Warhol wrote, “I have to go out every night. If I stay home one night I start spreading rumors to my dogs.”

Ledesma said that Warhol helped coin the term “superstar,” used to describe “the brightest and most powerful film, television and fashion celebrities.” Warhol, she added, also became one himself, after “multiple exhibitions, several books, two television shows and endless media coverage.”

Warhol moved to New York City after attending Carnegie Tech and got his big break on only his second day in the city.

“The art director of Glamour magazine, Tina Fredericks, gave Warhol an assignment to draw shoes − a perfect fit. His first published work appeared in the summer 1949 issue,” Ledesma said.

Makin said the ASU Art Museum has only one other Warhol work – a screenprint of a vase with flowers – “not a typical Warhol image.”

“Warhol was a tremendously influential artist to a whole generation of artists and art supporters and writers,” Makin added. “The black and white photographs offer a glimpse into his everyday existence; he thought of them as a visual diary, capturing who he had been with, what he was doing, where he had been. They are often the sources of images later seen in screenprints or paintings.

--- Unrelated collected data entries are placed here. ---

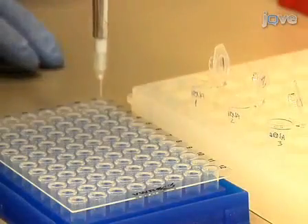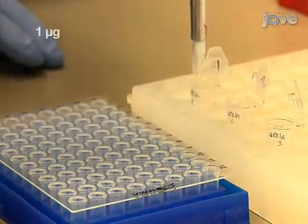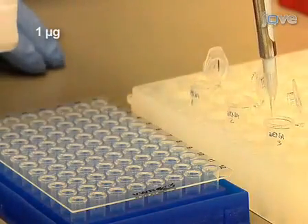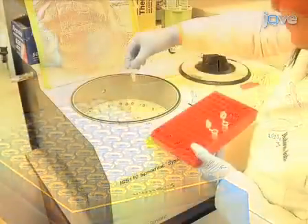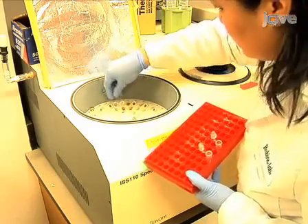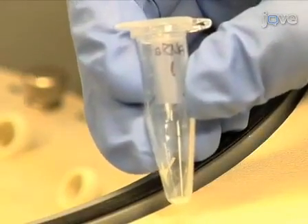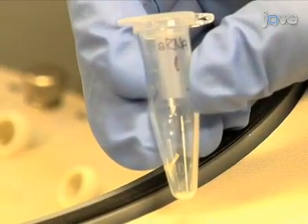To begin aRNA labeling, first add 1 microgram of the aRNA samples into 1.5 milliliter microcentrifuge tubes. Vacuum dry the samples on low or no heat until they are completely dry. Cap each tube as soon as it is dry. It is important to not over-dry the samples.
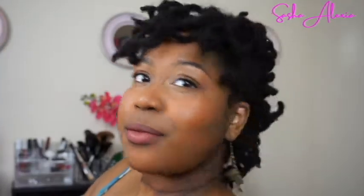All right y'all, so this is style number two — a cute, fun, flirty faux hawk. Super quick, super easy, and super cute.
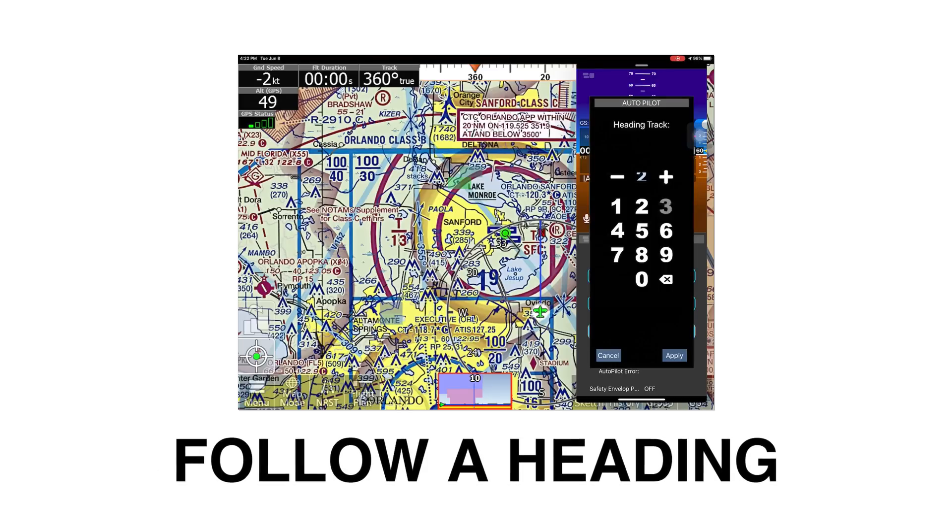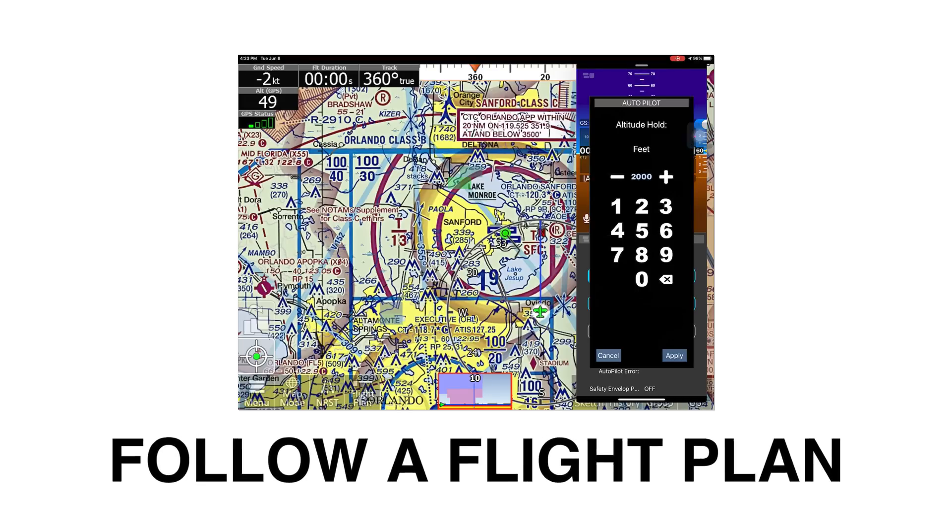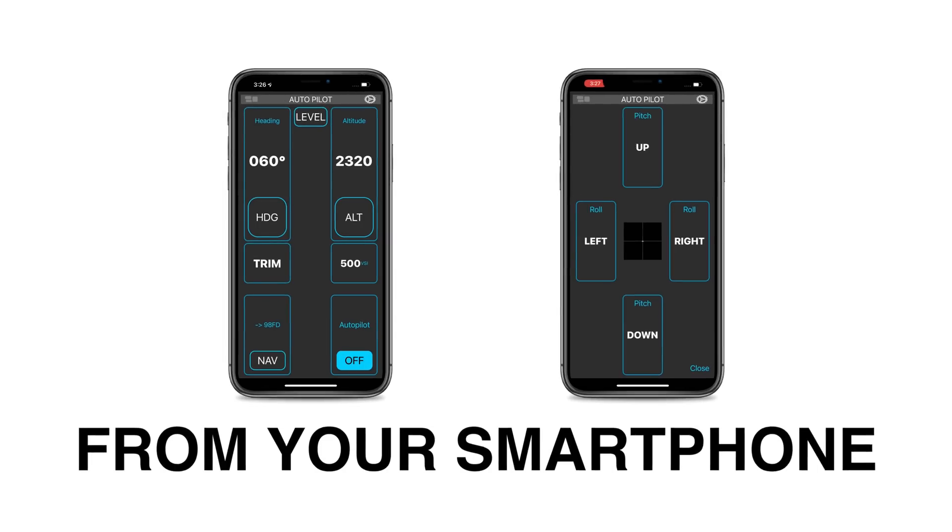With its wireless capabilities, you can follow a heading, descend to an altitude, and even follow a flight plan from your smartphone or tablet.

“Anyone who has studied Warhol will find these snapshots from his life fascinating. This type of collection normally would be available only to very few, larger institutions that could afford its acquisition. By distributing the enormous archive of Warhol’s Polaroids and black and white photographs to institutions across the country, the Warhol Foundation enabled more scholars, students and collectors access to this work.”